(Short web captions)
--
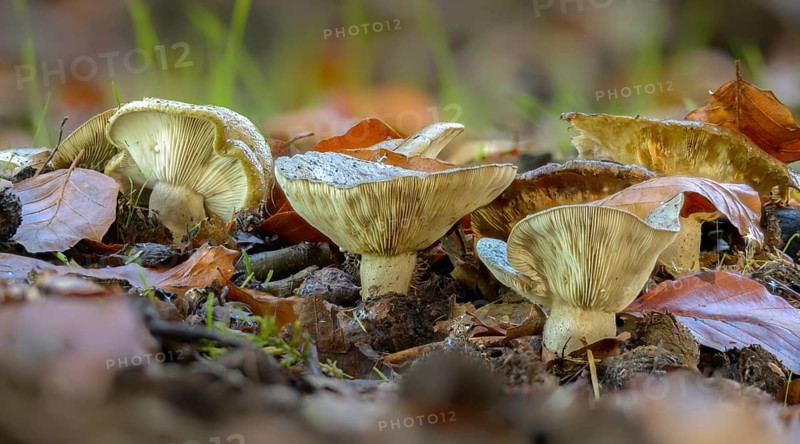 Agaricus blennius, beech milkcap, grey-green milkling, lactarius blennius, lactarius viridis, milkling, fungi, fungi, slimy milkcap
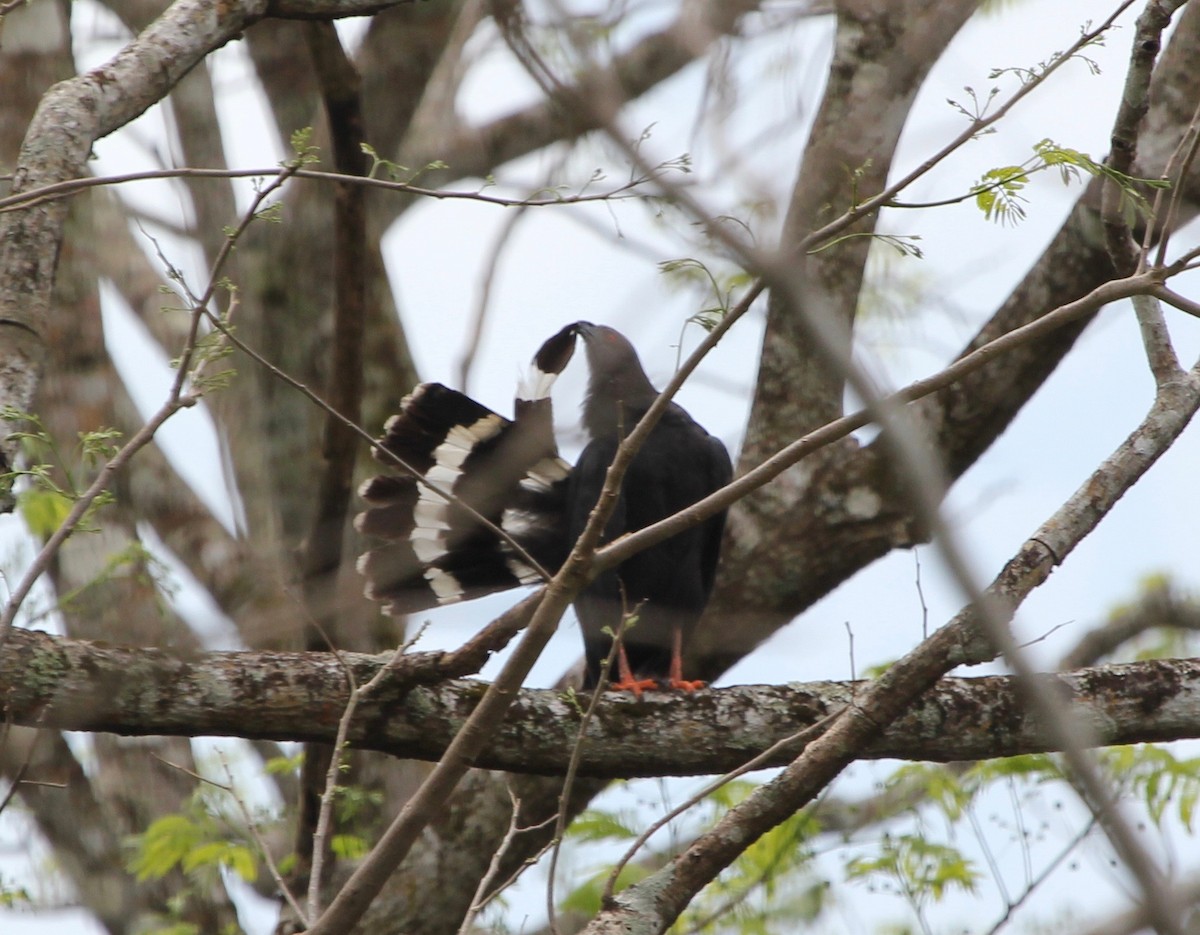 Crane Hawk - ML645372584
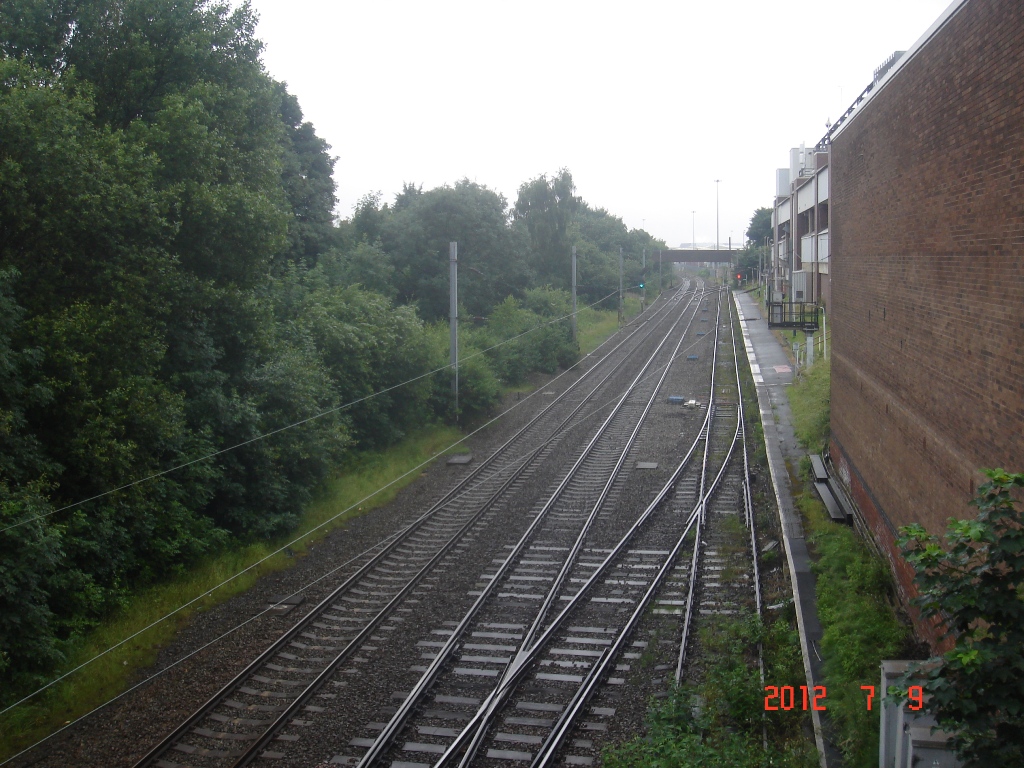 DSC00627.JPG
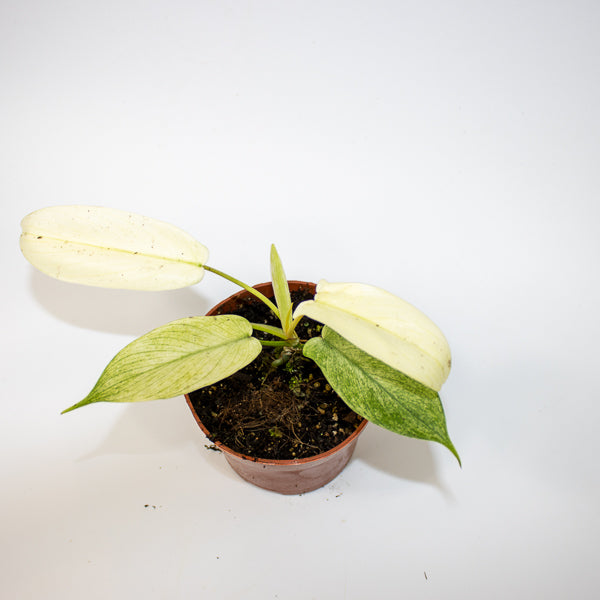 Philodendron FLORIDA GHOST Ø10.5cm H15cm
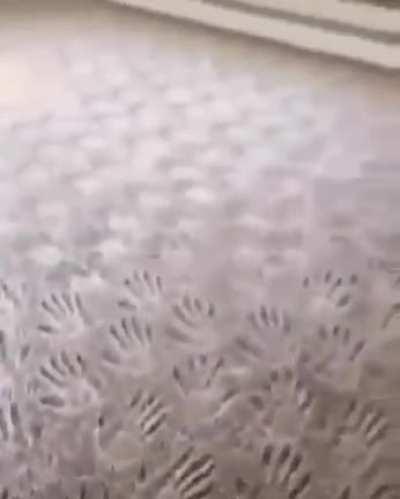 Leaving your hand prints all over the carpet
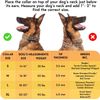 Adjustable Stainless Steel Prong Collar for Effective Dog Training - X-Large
--
WORK INSTRUCTIONS -
Above are the records; reproduce them exactly and leave out the pictures.

ANSWER SECTION -
 Agaricus blennius, beech milkcap, grey-green milkling, lactarius blennius, lactarius viridis, milkling, fungi, fungi, slimy milkcap
 Crane Hawk - ML645372584
 DSC00627.JPG
 Philodendron FLORIDA GHOST Ø10.5cm H15cm
 Leaving your hand prints all over the carpet
 Adjustable Stainless Steel Prong Collar for Effective Dog Training - X-Large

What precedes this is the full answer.